A well-written smart contract uses require for user input, revert for business logic, and assert only for impossible situations. Mixing these up is one of the most common audit findings.
What revert really means for your wallet
When a contract reverts, the network erases every change made during that transaction. Token balances go back. Storage values reset. It is as if the call never happened. But two things still apply.
First, the gas you already spent on computation is gone. The miners or validators did the work and need to be paid. Second, the failed transaction still appears on the blockchain. Anyone can see it. Privacy is not part of the deal.
Solving the most painful errors with smart fixes
The hardest errors are the ones that do not revert. These leave your tokens trapped or send them to the wrong place. Three solutions have become standard in modern blockchain technology.

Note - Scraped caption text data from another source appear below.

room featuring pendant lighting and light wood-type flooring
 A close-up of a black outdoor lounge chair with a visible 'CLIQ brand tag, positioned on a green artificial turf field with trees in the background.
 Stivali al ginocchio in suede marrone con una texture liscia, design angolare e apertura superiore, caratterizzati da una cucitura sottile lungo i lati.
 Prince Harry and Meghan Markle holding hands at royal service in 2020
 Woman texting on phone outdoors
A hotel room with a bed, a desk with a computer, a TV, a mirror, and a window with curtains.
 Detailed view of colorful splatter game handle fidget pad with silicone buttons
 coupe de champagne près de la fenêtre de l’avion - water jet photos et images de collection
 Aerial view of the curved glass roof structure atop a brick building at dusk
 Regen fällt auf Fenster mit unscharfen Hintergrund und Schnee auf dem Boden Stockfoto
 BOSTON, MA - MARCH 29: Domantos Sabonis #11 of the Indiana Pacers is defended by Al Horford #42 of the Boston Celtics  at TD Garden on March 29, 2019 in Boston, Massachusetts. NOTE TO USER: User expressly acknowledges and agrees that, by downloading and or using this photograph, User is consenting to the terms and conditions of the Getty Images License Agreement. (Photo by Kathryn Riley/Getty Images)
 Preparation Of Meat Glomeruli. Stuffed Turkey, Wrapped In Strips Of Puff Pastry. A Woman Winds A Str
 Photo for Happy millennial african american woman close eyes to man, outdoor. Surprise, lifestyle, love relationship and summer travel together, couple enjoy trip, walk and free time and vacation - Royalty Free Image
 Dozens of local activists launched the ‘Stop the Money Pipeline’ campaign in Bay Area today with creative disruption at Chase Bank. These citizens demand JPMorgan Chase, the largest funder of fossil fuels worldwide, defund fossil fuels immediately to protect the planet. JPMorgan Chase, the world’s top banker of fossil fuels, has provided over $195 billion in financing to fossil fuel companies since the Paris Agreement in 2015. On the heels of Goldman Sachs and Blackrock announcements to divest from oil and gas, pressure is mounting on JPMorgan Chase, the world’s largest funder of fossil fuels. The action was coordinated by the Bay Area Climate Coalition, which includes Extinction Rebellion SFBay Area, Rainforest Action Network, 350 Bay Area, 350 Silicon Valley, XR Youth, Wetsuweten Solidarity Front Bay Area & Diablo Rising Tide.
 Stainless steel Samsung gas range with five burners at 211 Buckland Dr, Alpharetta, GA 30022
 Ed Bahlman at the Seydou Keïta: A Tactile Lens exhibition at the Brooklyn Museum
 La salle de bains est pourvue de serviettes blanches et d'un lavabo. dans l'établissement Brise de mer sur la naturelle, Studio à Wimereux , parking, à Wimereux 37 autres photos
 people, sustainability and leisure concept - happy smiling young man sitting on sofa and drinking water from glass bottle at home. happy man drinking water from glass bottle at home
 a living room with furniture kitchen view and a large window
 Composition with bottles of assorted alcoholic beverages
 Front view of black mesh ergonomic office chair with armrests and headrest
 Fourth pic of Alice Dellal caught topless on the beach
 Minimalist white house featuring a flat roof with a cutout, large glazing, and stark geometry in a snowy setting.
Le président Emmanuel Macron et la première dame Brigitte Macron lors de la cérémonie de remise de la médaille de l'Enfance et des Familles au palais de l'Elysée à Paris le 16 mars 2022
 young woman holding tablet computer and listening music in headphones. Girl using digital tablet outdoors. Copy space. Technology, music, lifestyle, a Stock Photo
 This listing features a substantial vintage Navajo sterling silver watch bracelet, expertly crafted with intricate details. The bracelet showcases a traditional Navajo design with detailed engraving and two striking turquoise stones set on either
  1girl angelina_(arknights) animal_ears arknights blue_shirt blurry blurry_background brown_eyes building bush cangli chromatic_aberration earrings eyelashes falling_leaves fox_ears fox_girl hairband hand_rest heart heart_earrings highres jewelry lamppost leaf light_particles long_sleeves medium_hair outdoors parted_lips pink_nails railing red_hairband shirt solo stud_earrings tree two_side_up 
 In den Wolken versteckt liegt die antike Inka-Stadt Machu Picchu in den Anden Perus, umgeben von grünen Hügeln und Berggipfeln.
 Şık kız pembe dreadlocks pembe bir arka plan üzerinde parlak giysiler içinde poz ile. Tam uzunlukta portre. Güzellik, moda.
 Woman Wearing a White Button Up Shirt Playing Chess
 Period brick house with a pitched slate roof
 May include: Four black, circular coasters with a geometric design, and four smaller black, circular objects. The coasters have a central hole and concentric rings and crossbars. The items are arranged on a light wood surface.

Try and catch. Solidity 0.6 added a try-catch system for external calls. If contract A calls contract B and B fails, A can catch the error and decide what to do. This stops one broken contract from breaking a whole chain of dApps.
Custom errors. Since Solidity 0.8.4, developers can define named errors with parameters. They are cheaper than long string messages. They also tell you exactly what went wrong, like InsufficientBalance with the missing amount included.
Checks-effects-interactions. This is a coding pattern, not a tool. The contract checks all conditions first, updates its own state next, and only then talks to other contracts. It blocks the famous reentrancy attack that drained 60 million dollars from The DAO in 2016.
How to protect yourself before signing
You cannot fix a smart contract from the outside. But you can avoid most painful errors with a short checklist.
- Read the contract on a block explorer. If the code is not verified, walk away.
- Check if the contract has been audited by a known firm. Audit reports are usually public.
- Test with a tiny amount first. Send 1 dollar worth of tokens before sending 1000.
- Use a wallet that simulates the transaction before you sign. Most modern wallets show you the expected outcome.
- Never approve unlimited token spending unless you trust the contract fully.
For deeper technical references on this topic, the official Ethereum documentation is the cleanest source. You can find it on the project's main site at ethereum.org.
The takeaway you need to remember
Smart contracts handle errors by reverting the whole transaction or by failing in ways that trap funds. Good contracts use require, revert, and assert correctly. Bad contracts skip checks and leak money. You stay safe by reading the code, testing small, and trusting only audited contracts. Blockchain technology is powerful but it does not forgive mistakes — yours or the developer's.
Frequently Asked Questions
- Do I get my gas back if a smart contract reverts?
- You get back the unused portion of your gas. The gas already spent on computation up to the point of failure is not refunded, because validators still did the work.
- What is the difference between require and assert in Solidity?
- require checks user inputs and conditions, refunding remaining gas on failure. assert is for impossible internal states and burns all remaining gas. Use require for normal validation, assert only for serious bugs.
- Can a failed smart contract transaction still cost me money?
- Yes. Even when a transaction reverts, you pay for the gas consumed before the failure. The token balance goes back to normal, but the gas fee is gone.
- What happens if a smart contract has no error handling?
- Without error handling, the contract may end up in a broken state where funds are stuck or stolen. This is why audits and patterns like checks-effects-interactions are essential.
- How can I tell if a smart contract is safe before using it?
- Check that the source code is verified on a block explorer, look for a public audit from a known firm, and test with a small amount first. Avoid contracts that ask for unlimited token approvals.